All of which leaves progressives in a tough spot, rooting-wise. In the end, however, few can hold out against national pride, glory, and the dexterous charm of Brazil's players. Even if it ends up crying for Lula, the left knows that a win would be wonderful. Brazil is already the most successful World Cup team in history; a fifth championship would be unheard of. And they've earned it: The team that nearly failed to qualify last fall just put away England, which had been a major favorite. Important national sentiments come into play here, and rightly so. Brazil is in some ways a frustrated country -- frustrated by problems of crime, poverty, and corruption, but mostly by the mediocre results from its 50-year-long campaign to industrialize and modernize itself. It is not confident in its technological, organizational, or even creative capacities: an imported product is usually better than a domestic product.
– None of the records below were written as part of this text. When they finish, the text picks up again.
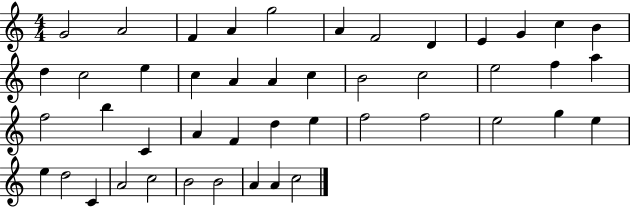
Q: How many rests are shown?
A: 0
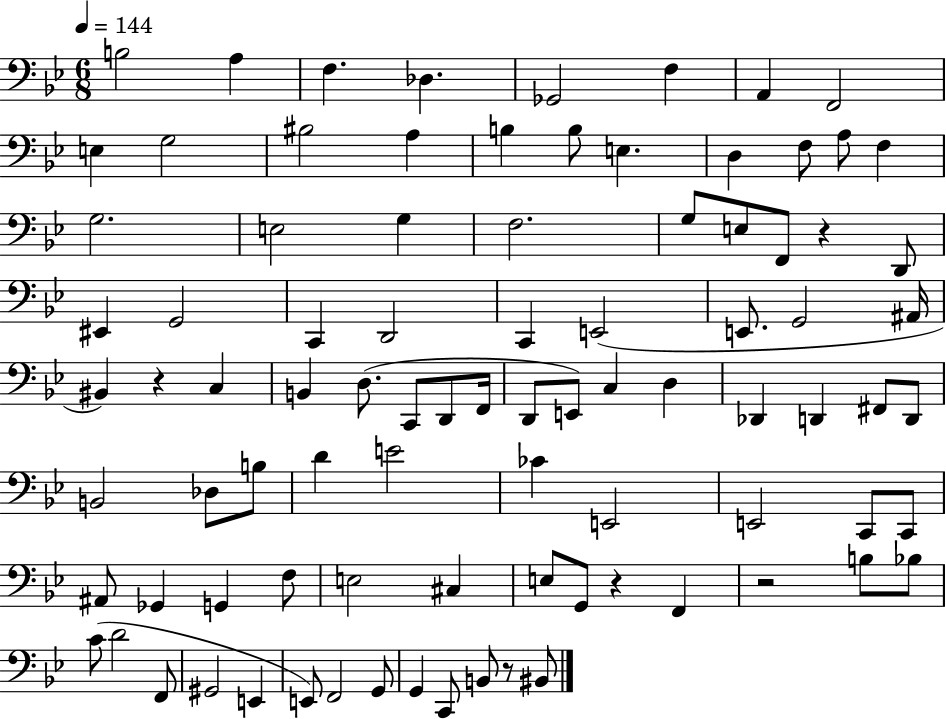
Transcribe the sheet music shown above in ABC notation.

X:1
T:Untitled
M:6/8
L:1/4
K:Bb
B,2 A, F, _D, _G,,2 F, A,, F,,2 E, G,2 ^B,2 A, B, B,/2 E, D, F,/2 A,/2 F, G,2 E,2 G, F,2 G,/2 E,/2 F,,/2 z D,,/2 ^E,, G,,2 C,, D,,2 C,, E,,2 E,,/2 G,,2 ^A,,/4 ^B,, z C, B,, D,/2 C,,/2 D,,/2 F,,/4 D,,/2 E,,/2 C, D, _D,, D,, ^F,,/2 D,,/2 B,,2 _D,/2 B,/2 D E2 _C E,,2 E,,2 C,,/2 C,,/2 ^A,,/2 _G,, G,, F,/2 E,2 ^C, E,/2 G,,/2 z F,, z2 B,/2 _B,/2 C/2 D2 F,,/2 ^G,,2 E,, E,,/2 F,,2 G,,/2 G,, C,,/2 B,,/2 z/2 ^B,,/2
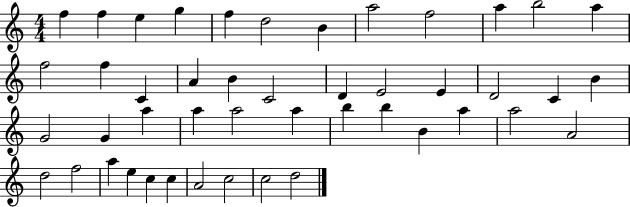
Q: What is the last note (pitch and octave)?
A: D5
But soccer is one thing that Brazilians do as well or better than any other country in the world. It is their gift. And not everything about celebrating that gift, while the entire world watches, is frivolous or irrelevant. Nations do not live on GDP alone. To be successful, they need mythical self-images; they need to believe that they are destined for greatness. Success at soccer may not translate directly into success in the global economy, but it gives Brazilians a strengthened sense of their own national identity, and that, ethereal though it may be, is no wooden nickel.
As for justifying my own confused loyalties, I realize that the danger of a soccer-numbed U.S. populace is remote, and it's hard to imagine us lulled into letting Bush get away with much more than he already has. Not even the NBA Finals or the Super Bowl elicit the sheer passion and giddiness that the Cup produces in Brazilians, a kind of national exaltation and sense of purpose that Americans seem to feel only when we are carrying out military aggression overseas. In the end, I guess I rooted against the states in soccer because our imperial might in everything else would make a victory seem almost ugly.
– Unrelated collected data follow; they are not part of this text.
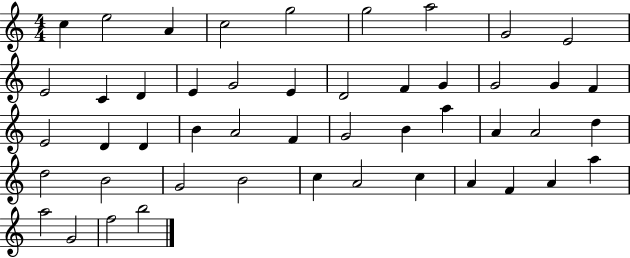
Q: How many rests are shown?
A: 0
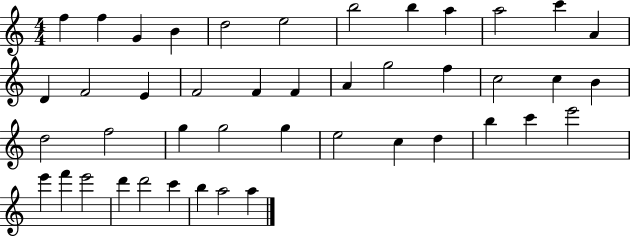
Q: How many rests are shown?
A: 0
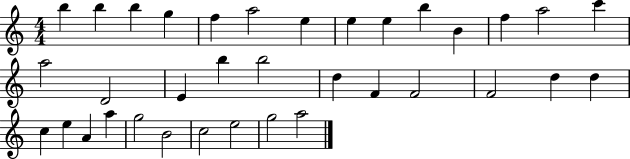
{
  \clef treble
  \numericTimeSignature
  \time 4/4
  \key c \major
  b''4 b''4 b''4 g''4 | f''4 a''2 e''4 | e''4 e''4 b''4 b'4 | f''4 a''2 c'''4 | \break a''2 d'2 | e'4 b''4 b''2 | d''4 f'4 f'2 | f'2 d''4 d''4 | \break c''4 e''4 a'4 a''4 | g''2 b'2 | c''2 e''2 | g''2 a''2 | \break \bar "|."
}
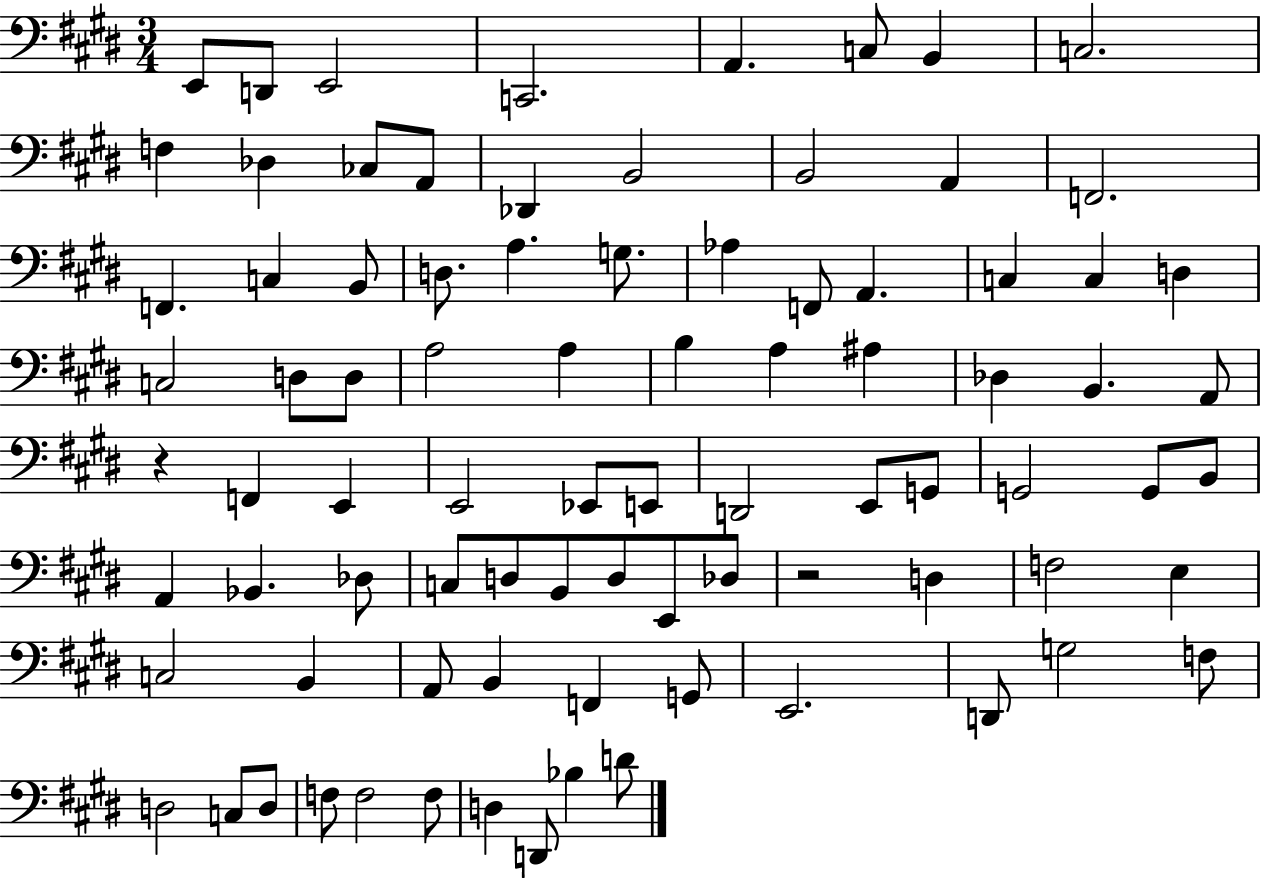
E2/e D2/e E2/h C2/h. A2/q. C3/e B2/q C3/h. F3/q Db3/q CES3/e A2/e Db2/q B2/h B2/h A2/q F2/h. F2/q. C3/q B2/e D3/e. A3/q. G3/e. Ab3/q F2/e A2/q. C3/q C3/q D3/q C3/h D3/e D3/e A3/h A3/q B3/q A3/q A#3/q Db3/q B2/q. A2/e R/q F2/q E2/q E2/h Eb2/e E2/e D2/h E2/e G2/e G2/h G2/e B2/e A2/q Bb2/q. Db3/e C3/e D3/e B2/e D3/e E2/e Db3/e R/h D3/q F3/h E3/q C3/h B2/q A2/e B2/q F2/q G2/e E2/h. D2/e G3/h F3/e D3/h C3/e D3/e F3/e F3/h F3/e D3/q D2/e Bb3/q D4/e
But who I'm really rooting for is Lula, and whoever has the guts to challenge Bush in 2004. Both the United States and Brazil are living moments of semi-willful political blindness, deeply tied to feelings of patriotism and the need to prove one's mettle -- the streets and windows of both countries are literally littered with flag paraphernalia -- though for two different reasons. "We are at war!" is to us what "We are in the World Cup Final!" is to Brazil: a real impetus for feelings of national confidence and unity -- fine things in and of themselves -- that trumps important domestic concerns and provides an opportunity for those in power to carry out undemocratic, possibly unethical programs that might otherwise not be tolerated. But neither wars nor World Cups go on forever. When the smoke from the bombs and the firecrackers clears, it will be time to pull down some of the flags and banners and ask our leaders just what's been going on.